Occupations with the Highest Potential for Dermal Chemical Exposure

NIOSH estimates that 13.2 million workers in the United States are exposed to OSHA skin-labeled chemicals. Workers exposed to potentially harmful skin contact include those working in industries and sectors such as agriculture, manufacturing, cosmetics, healthcare, cleaning, painting, machinery, printing/lithography and construction. Chemicals known to cause ICD and ACD are present in virtually every environment, and links between chemical exposure and other types of systemic disease continue to be identified and the mechanisms underlying them elucidated. I'm here. To raise awareness, the section below discusses some of the most common chemicals found in the industry and their potential health effects from occupational skin exposure.

Health Care

Occupational skin diseases, including ACD, ICD, and urticaria, occur commonly among healthcare workers. Some of the most common allergens in the healthcare profession include biocides commonly used for applications such as the sterilization of medical devices that are sensitive to normal heat or steam sterilization processes [glutaraldehyde and ortho-phthalaldehyde (OPA)] and the disinfection of surfaces (quaternary ammonia compounds) [16]. Medical gloves containing certain rubber accelerators (thiuram mix and carba mix), and antibacterial hand sanitizers and soaps (chloroxylenol and cocamide diethanolamine) have also been identified as common sources of allergens [16]. In general, there are increased rates of ACD for healthcare workers compared to non-healthcare workers for the majority of the above-mentioned allergens [17].
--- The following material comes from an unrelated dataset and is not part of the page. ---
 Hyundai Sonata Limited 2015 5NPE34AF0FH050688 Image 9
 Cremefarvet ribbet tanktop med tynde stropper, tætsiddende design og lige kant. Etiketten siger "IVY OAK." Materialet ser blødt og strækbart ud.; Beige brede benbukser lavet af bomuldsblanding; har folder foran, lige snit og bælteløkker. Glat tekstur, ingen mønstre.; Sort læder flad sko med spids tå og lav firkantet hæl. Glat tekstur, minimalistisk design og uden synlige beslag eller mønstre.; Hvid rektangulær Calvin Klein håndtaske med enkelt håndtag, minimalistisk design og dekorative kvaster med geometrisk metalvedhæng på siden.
For over 40 years, glutaraldehyde was the primary choice for disinfecting heat-sensitive medical devices with 376,330 workers exposed to glutaraldehyde from 1981 to 1983; its toxicity has been well described, and its use has been associated with dermatitis and occupational asthma. ACD from glutaraldehyde often causes chronic dermatitis, which frequently forces patients to leave their jobs. Owing to the known toxicities of glutaraldehyde, less offensive and presumably safer alternatives such as OPA have been introduced. OPA, the active ingredient present in Cidex OPA, has shown superior antimycobactericidal activity compared to that of glutaraldehyde, allowing for its use at lower concentrations. While there is limited toxicity data in humans and animals, there is evidence that similar to glutaraldehyde, OPA exposure can induce ana-phylaxis and IgE-mediated allergic responses. Fujita et al reported a case involving a female nurse who exhibited slight dyspnea and dry cough with a subsequent diagnosis of bronchial asthma and serous papules, and urticaria after working with OPA [18]. Animal studies also suggest that dermal exposure to OPA induces significant irritation and sensitization. Owing to its low volatility; it is presumed that the skin may be a significant route of exposure. Although a direct link between skin exposure to triclosan and human health has not been fully proven, the above studies raise concerns regarding exposure to this chemical.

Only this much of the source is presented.